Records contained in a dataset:
++++++++++
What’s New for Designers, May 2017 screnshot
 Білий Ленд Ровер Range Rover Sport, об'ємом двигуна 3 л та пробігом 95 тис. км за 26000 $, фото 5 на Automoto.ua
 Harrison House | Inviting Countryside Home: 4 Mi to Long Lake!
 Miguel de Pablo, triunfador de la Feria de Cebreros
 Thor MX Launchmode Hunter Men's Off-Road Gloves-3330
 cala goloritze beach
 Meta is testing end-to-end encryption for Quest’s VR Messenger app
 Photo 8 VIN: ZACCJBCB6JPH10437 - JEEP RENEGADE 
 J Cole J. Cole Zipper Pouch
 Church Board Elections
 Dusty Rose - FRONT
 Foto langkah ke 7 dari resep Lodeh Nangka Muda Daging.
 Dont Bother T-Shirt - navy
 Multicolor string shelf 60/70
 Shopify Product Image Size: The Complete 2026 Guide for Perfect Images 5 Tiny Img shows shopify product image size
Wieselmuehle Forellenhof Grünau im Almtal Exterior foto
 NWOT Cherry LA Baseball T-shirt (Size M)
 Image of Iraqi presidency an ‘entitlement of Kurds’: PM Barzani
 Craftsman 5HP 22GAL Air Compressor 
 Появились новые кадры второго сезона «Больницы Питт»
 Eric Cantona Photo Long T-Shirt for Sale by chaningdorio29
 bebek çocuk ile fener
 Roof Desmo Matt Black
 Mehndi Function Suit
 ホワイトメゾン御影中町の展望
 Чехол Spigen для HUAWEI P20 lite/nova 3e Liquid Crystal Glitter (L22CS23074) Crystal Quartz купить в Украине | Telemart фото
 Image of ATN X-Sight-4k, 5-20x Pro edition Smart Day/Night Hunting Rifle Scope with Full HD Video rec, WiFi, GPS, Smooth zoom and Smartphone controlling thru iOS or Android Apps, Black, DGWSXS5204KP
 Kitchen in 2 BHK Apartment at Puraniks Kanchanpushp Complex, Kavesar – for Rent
++++++++++
# ABOUT THIS TASK
All records are to be written out exactly.

# RESPONSE AREA
What’s New for Designers, May 2017 screnshot
 Білий Ленд Ровер Range Rover Sport, об'ємом двигуна 3 л та пробігом 95 тис. км за 26000 $, фото 5 на Automoto.ua
 Harrison House | Inviting Countryside Home: 4 Mi to Long Lake!
 Miguel de Pablo, triunfador de la Feria de Cebreros
 Thor MX Launchmode Hunter Men's Off-Road Gloves-3330
 cala goloritze beach
 Meta is testing end-to-end encryption for Quest’s VR Messenger app
 Photo 8 VIN: ZACCJBCB6JPH10437 - JEEP RENEGADE 
 J Cole J. Cole Zipper Pouch
 Church Board Elections
 Dusty Rose - FRONT
 Foto langkah ke 7 dari resep Lodeh Nangka Muda Daging.
 Dont Bother T-Shirt - navy
 Multicolor string shelf 60/70
 Shopify Product Image Size: The Complete 2026 Guide for Perfect Images 5 Tiny Img shows shopify product image size
Wieselmuehle Forellenhof Grünau im Almtal Exterior foto
 NWOT Cherry LA Baseball T-shirt (Size M)
 Image of Iraqi presidency an ‘entitlement of Kurds’: PM Barzani
 Craftsman 5HP 22GAL Air Compressor 
 Появились новые кадры второго сезона «Больницы Питт»
 Eric Cantona Photo Long T-Shirt for Sale by chaningdorio29
 bebek çocuk ile fener
 Roof Desmo Matt Black
 Mehndi Function Suit
 ホワイトメゾン御影中町の展望
 Чехол Spigen для HUAWEI P20 lite/nova 3e Liquid Crystal Glitter (L22CS23074) Crystal Quartz купить в Украине | Telemart фото
 Image of ATN X-Sight-4k, 5-20x Pro edition Smart Day/Night Hunting Rifle Scope with Full HD Video rec, WiFi, GPS, Smooth zoom and Smartphone controlling thru iOS or Android Apps, Black, DGWSXS5204KP
 Kitchen in 2 BHK Apartment at Puraniks Kanchanpushp Complex, Kavesar – for Rent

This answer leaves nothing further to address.